====== EXCERPTED DATA ======

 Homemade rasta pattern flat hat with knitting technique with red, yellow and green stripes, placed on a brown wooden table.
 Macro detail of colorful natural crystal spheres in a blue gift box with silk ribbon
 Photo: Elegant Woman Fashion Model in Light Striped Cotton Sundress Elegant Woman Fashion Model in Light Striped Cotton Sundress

======
====== EXCERPTED DATA ======

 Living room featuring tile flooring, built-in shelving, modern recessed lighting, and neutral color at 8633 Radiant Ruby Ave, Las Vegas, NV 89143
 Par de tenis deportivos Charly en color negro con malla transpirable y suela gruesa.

======

#### [THE TASK]
Search the material above for "with". Pull out each line where it shows up.

#### [TASK ANSWER]
 Homemade rasta pattern flat hat with knitting technique with red, yellow and green stripes, placed on a brown wooden table.
 Macro detail of colorful natural crystal spheres in a blue gift box with silk ribbon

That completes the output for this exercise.